• [Exercise input]:
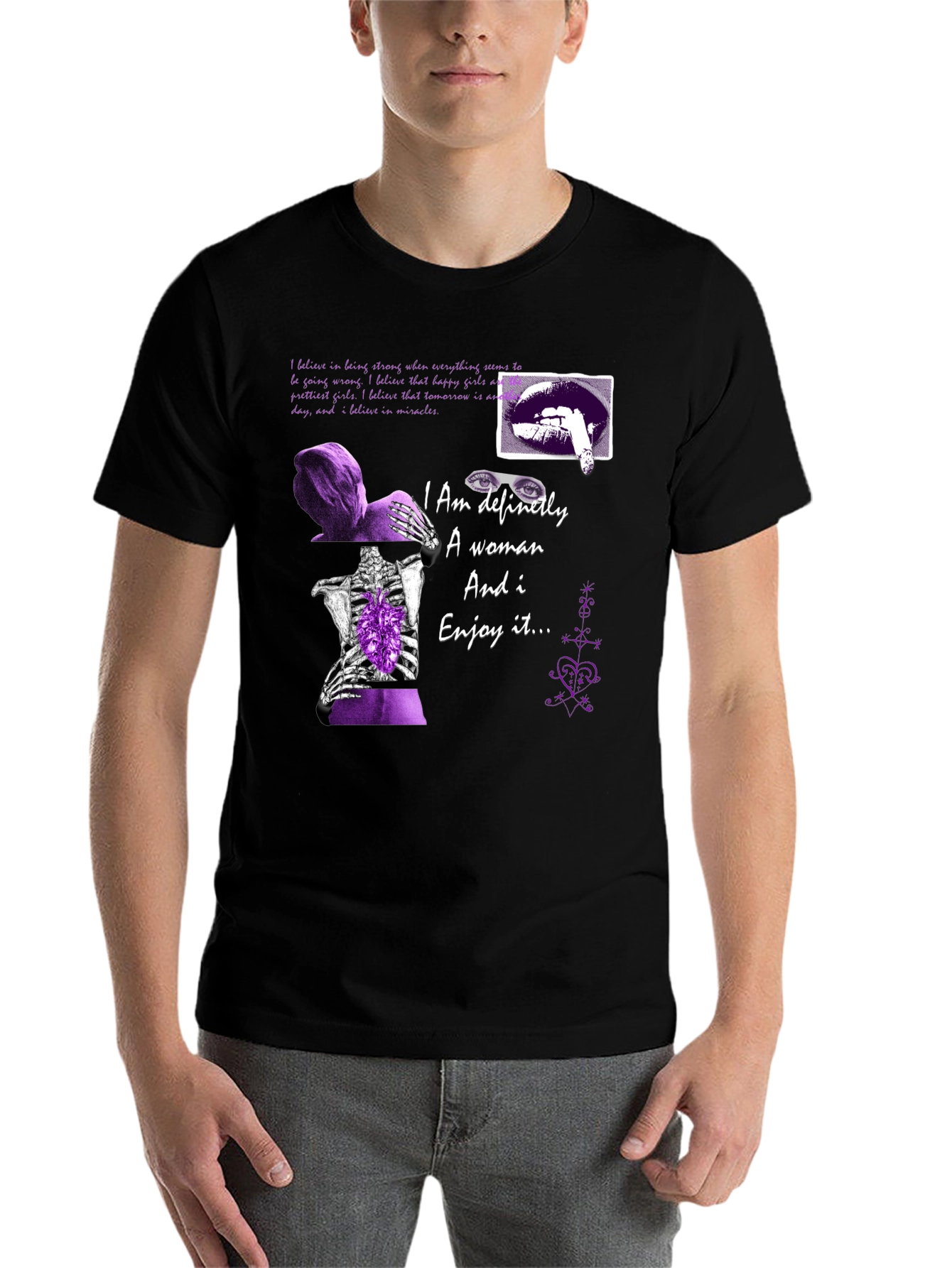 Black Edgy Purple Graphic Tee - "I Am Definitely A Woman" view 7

* * *

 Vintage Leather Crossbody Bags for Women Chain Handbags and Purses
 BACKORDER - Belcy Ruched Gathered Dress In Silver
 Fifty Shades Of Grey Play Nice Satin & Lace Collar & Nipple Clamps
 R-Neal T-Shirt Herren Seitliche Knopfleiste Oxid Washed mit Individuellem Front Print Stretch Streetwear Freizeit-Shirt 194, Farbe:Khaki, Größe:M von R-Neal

• [Your assignment]:
In the entries above, restate word for word the lines between the one holding "Vintage Leather Crossbody" and the one holding "R-Neal T-Shirt Herren", inclusive, and nothing besides.

• [Response for this exercise]:
 Vintage Leather Crossbody Bags for Women Chain Handbags and Purses
 BACKORDER - Belcy Ruched Gathered Dress In Silver
 Fifty Shades Of Grey Play Nice Satin & Lace Collar & Nipple Clamps
 R-Neal T-Shirt Herren Seitliche Knopfleiste Oxid Washed mit Individuellem Front Print Stretch Streetwear Freizeit-Shirt 194, Farbe:Khaki, Größe:M von R-Neal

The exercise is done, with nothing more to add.